Quanto può costare il vaccino in termini di ricerca e sperimentazione? «Sviluppare un vaccino è sicuramente molto costoso, sono necessarie diverse fasi per gli studi clinici e devono essere coinvolte migliaia di persone al fine di dimostrare la sicurezza del vaccino e la sua efficacia. In genere si parla di diverse centinaia di milioni di dollari.

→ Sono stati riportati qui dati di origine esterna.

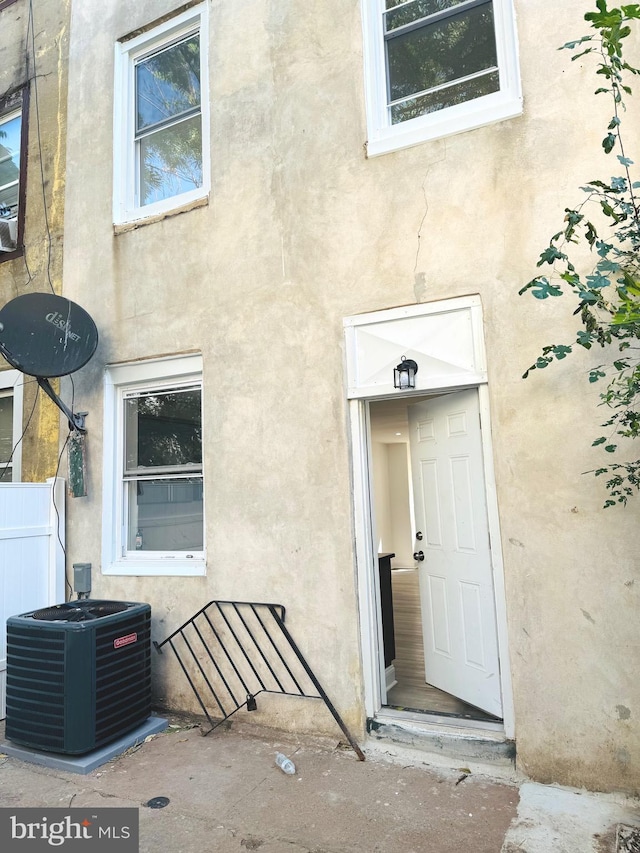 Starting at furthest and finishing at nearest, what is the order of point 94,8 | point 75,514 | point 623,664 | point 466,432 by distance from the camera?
point 94,8 < point 75,514 < point 466,432 < point 623,664

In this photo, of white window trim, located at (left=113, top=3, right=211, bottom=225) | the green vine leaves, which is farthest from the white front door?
white window trim, located at (left=113, top=3, right=211, bottom=225)

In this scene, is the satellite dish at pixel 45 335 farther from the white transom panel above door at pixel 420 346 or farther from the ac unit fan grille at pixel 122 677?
the white transom panel above door at pixel 420 346

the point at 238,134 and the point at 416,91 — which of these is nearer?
the point at 416,91

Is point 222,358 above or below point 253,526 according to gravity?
above

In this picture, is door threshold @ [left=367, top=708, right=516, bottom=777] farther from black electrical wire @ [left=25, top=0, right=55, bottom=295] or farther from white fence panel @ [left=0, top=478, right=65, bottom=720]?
black electrical wire @ [left=25, top=0, right=55, bottom=295]

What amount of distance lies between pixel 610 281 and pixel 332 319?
183 cm

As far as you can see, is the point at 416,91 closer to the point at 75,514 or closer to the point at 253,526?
the point at 253,526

Somme ingenti, ma tutto sommato nulla in confronto alle perdite prima di tutto umane e poi economiche che il mondo intero sta sopportando. «L’impatto della pandemia è sotto gli occhi di tutti, prima di tutto in termini di sofferenza, di vite umane perdute, di stress per i sistemi sanitari. Ma ci sono altri aspetti oltre quelli sanitari, i costi sono enormi da tutti i punti di vista. Approcci terapeutici possono sicuramente alleviare la situazione se identificati in tempo. Ma la storia delle malattie infettive ha dimostrato che i vaccini sono l’approccio più efficace e sicuro per sconfiggere il virus, bloccare la pandemia ed evitare di ricadere nella stessa situazione in futuro. Ciò che è successo in Italia, e che sta accadendo in questi giorni in molti altri paesi, ci insegna che bisogna lavorare e investire per essere preparati il più possibile a nuove epidemie, serve un grande impegno per prevenirle e controllarle e serve mettere in piedi sistemi in grado di reagire e rispondere rapidamente all’emergenza. Oggi stiamo imparando, dalle buone pratiche e anche dagli errori, ma dobbiamo assolutamente evitare di ritrovarci in una situazione simile di nuovo nel futuro».
Data la diffusione della pandemia, è ragionevole pensare che benché la curva dei contagi e dei decessi diminuirà grazie alle misure di isolamento e di distanza sociale, l’unico modo per ritornare alla normalità sarà il vaccino? «È sempre difficile prevedere il futuro, la scienza ci prova ma non è in grado di farlo in modo esatto. Personalmente ritengo che il vaccino sia la soluzione più verosimile al problema presente e ai rischi futuri. Non parlo solo del vaccino a cui stiamo lavorando noi, ce ne saranno anche altri che potranno portare il loro contributo ad uscire da questo incubo. Le misure di contenimento e di isolamento sociale, se attuate con rigore e nelle tempistiche giuste possono avere successo come è accaduto in Cina o in Corea del Sud e mi auguro anche in Italia, ma c’è il rischio che il virus ritorni e solo un vaccino usato in larga scala può bloccarlo definitivamente».